他地域に先駆けて「無償ボランティアでのワーキングホリデー」を企画し、農作業の手伝いのお礼に農家の生活を教えるという「心と心の交流」をセールスポイントとすることにより、本当の農家の家族のように素朴で温かな田舎の生活が体験できるということで好評を博すなど、農業を素材とする新しい観光の形を示した。 

具体的な取り組みの内容

徹底した現場主義からの挑戦

井上氏は、平成 10年、現場を歩いているうち、農家の担い手不足が顕著となり、兼業化や離農するケースが増加、さらには集落機能が低下し伝統の祭りすら出来なくなるという状況に直面。危機を打開し、農村を元気にする手だてとして、都市部で農業を指向する者に対象を絞ってボランティアで農家に応援に来てもらうという、当時としては全く新しい手法だったワーキングホリデーを他地域に先駆けて立ちあげた。

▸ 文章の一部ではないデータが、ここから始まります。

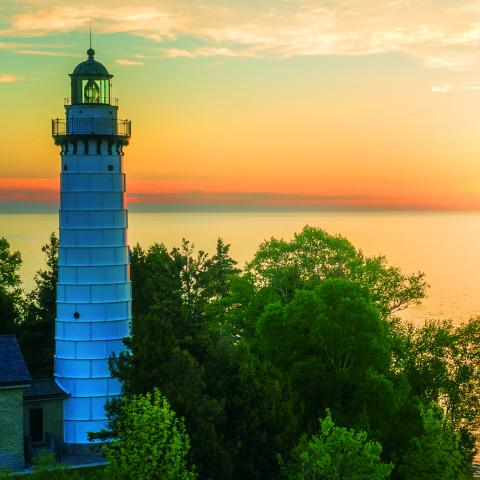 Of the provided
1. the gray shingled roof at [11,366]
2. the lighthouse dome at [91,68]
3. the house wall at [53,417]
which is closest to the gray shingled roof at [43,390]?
the house wall at [53,417]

このワーキングホリデーは、リンゴや梨の摘花・摘果や収穫作業、干し柿の収穫、皮むき、吊しなど、短期間で作業を終わらせることが必要であるが、人手の確保が出来ないという、農家の声をヒントとして生まれた。農業・農村に関心を持って真剣に農業をやってみたい、就農を考えているものの手探り状態でいる人と、担い手不足が顕著となり繁忙期の手助けや後継者が欲しい農家を結ぶという、都市部の人と農村部の人とのパートナーシップによる新しい手法の都市農村交流事業に挑戦したもの。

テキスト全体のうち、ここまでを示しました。